The Ponemon Institute’s 12th annual Cost of Data Breach Study contained some good news for the world’s business community. Average data breach direct costs continued their downward trend. Between 2016 and 2017, they fell by 10% from $4 million to $3.62 million per breach and from $154 to $141 per record.

But the study also found that the size of the average data breach increased by 1.8%, to more than 24,000 records. Taken together, these statistics suggest that companies are getting better at reducing breach-related costs, but they are still struggling with the equally important task of keeping their data and intellectual property safe.

Scott Johnson, director of product management for Micro Focus Fortify, a software security vendor, says companies will remain vulnerable to intrusions until they begin taking security measures at the application level. “The network perimeter is no longer viable,” he says. “While it helps with some security issues, that is not where many of today’s vulnerabilities start or are escalated by hackers.”

Security must begin in the development process

In addition to firewalls, point protection, gap analysis, user training, and other countermeasures, companies need to ensure that security is an integral part of all applications they purchase or develop. “A lot of companies are focused on security for external applications,” says Andreas Gloege, SAP director, quality assurance solutions. “But it is important to remember that about 50% of all attacks are happening on or via internal applications.”
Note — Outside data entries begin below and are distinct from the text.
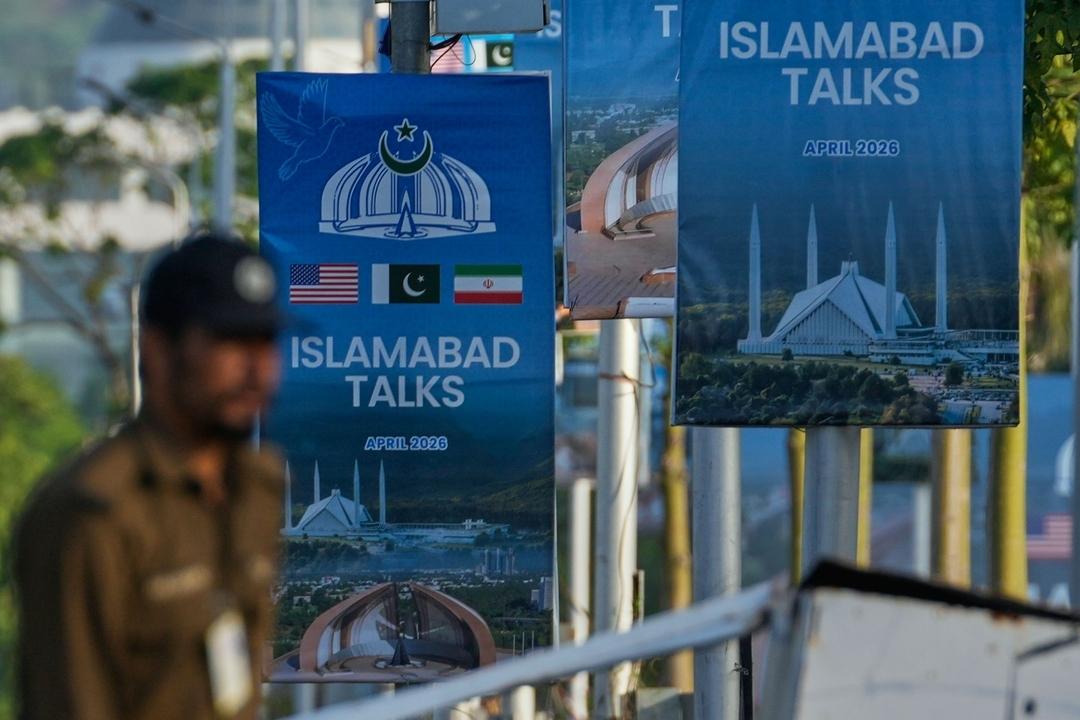 Plakate für die USA-Iran-Gespräche in der Nähe eines möglichen Verhandlungsortes in Islamabad in Pakistan (25.04.2026)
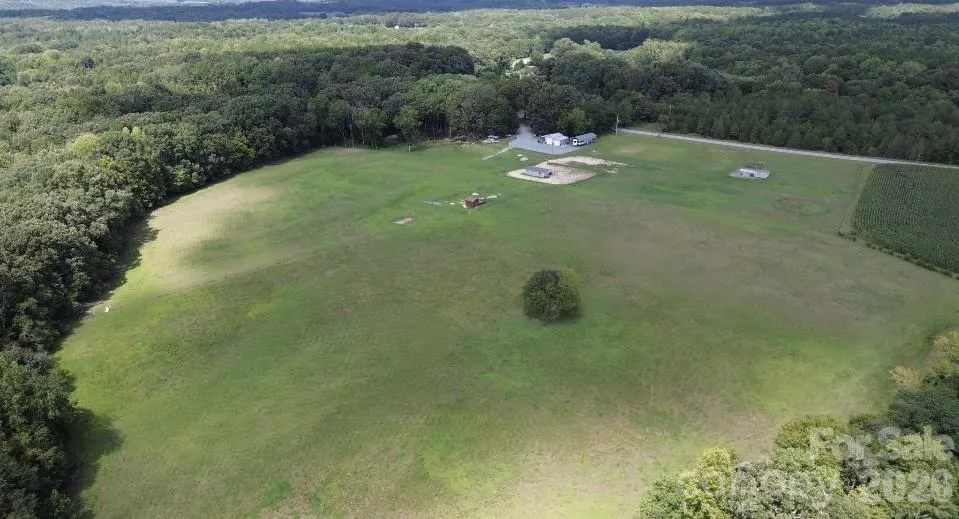 8720 Potter Road S Waxhaw, NC 28173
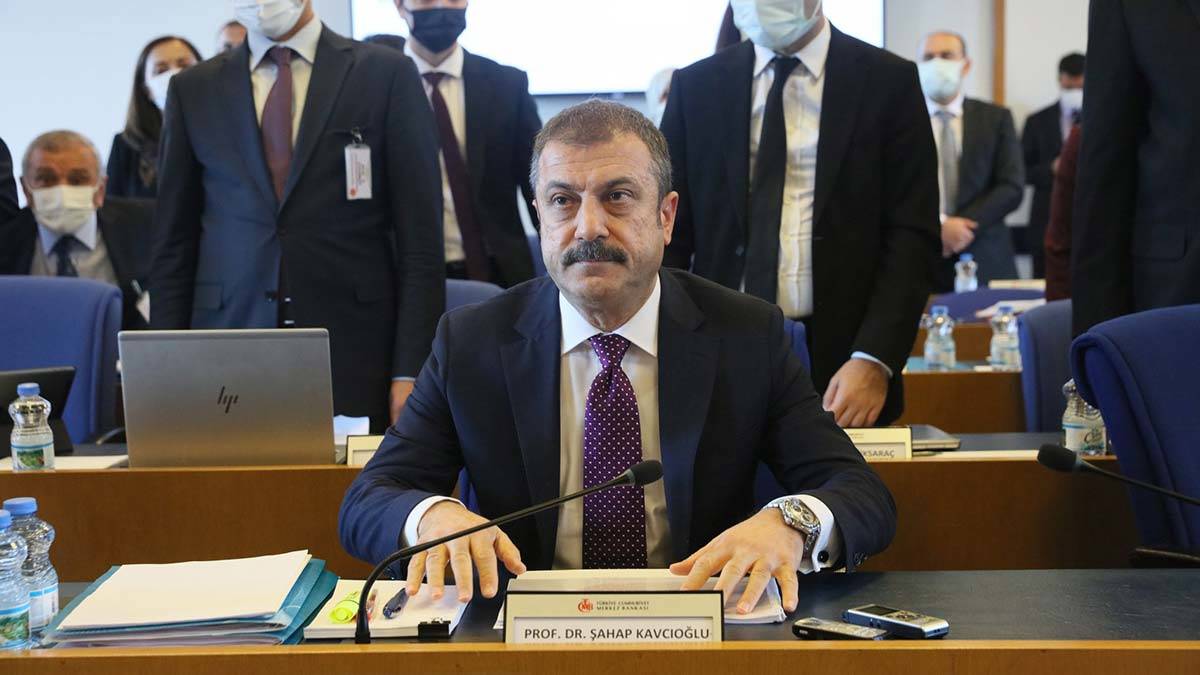 Merkez Bankası Başkanı: Rezervler yükseldi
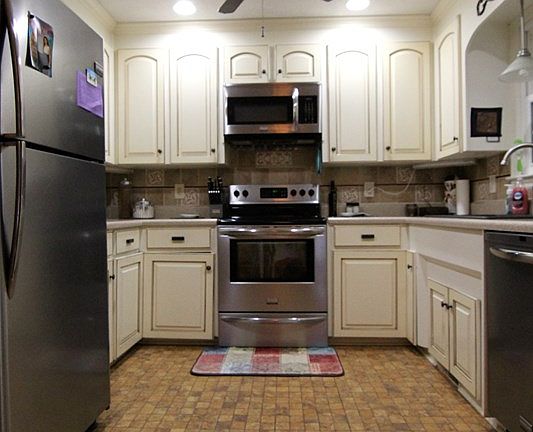 3rd image of 221 Greenway Dr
Internal applications are particularly attractive to hackers because they often contain more sensitive information than external applications. When developing internal applications, companies need to enforce a process that compels the IT security and application development teams to work together.

“This approach is not only possible but absolutely necessary,” says Damien Suggs, Saltworks security senior technology security manager. “Security and developers have to understand that they are on the same side. Security can convey this by recognizing a finding of vulnerability that needs to be addressed and then working it through the development process until it is remediated.”

Establishing a formal role for security experts in the development process can help resolve vulnerabilities before new software is released into the wild. This more proactive approach better protects valuable data stores while allowing companies to safely leverage the competitive advantages of ubiquitous connectivity.

Companies must become more security focused

To enhance security further, companies must build security into their corporate cultures. They can pursue this objective by using education and training to create a more threat-aware workforce. Security training for IT staff also should be part of this effort since few technology workers enter the workforce with a thorough understanding of security best practices.

“One of the interesting findings in our 2017 State of Security Operations report was that only one in nine universities offer security courses as part of the requirements for a computer engineering degree,” Johnson says. “That has to change.”

Until educational institutions become more focused on security, companies will have to take responsibility for improving the competency of their technical workers. Third-party security experts can help mitigate this risk by backstopping internal resources on an as-needed basis. These vendors can be particularly useful for threat assessments and identifying vulnerabilities associated with particular systems, applications, and data stores.

Vulnerabilities are likely to increase with IoT

Even as companies act to improve their security posture, they must recognize that no security system is 100% effective. Vulnerabilities are unlikely to go away—especially as the Internet of Things is woven ever more tightly into the fabric of modern life.

As companies build their security-focused cultures, they should communicate that vulnerabilities are defects in applications and not deficiencies in the developers or security staff who are supporting the products. Since these risk factors cannot be completely eliminated, any measures taken to promote security have to be balanced with the day-to-day needs of running a business.

“Security cannot be something that is slowing down the business,” Gloege says. “Security has to be something that comes naturally into what the company is doing.”

Mitigating risk and maximizing efficiency will continue to be significant challenges. To find the right balance, companies must do more than install firewalls and security appliances. They must integrate security awareness into every job description, product offer, and development effort. There really is no other choice.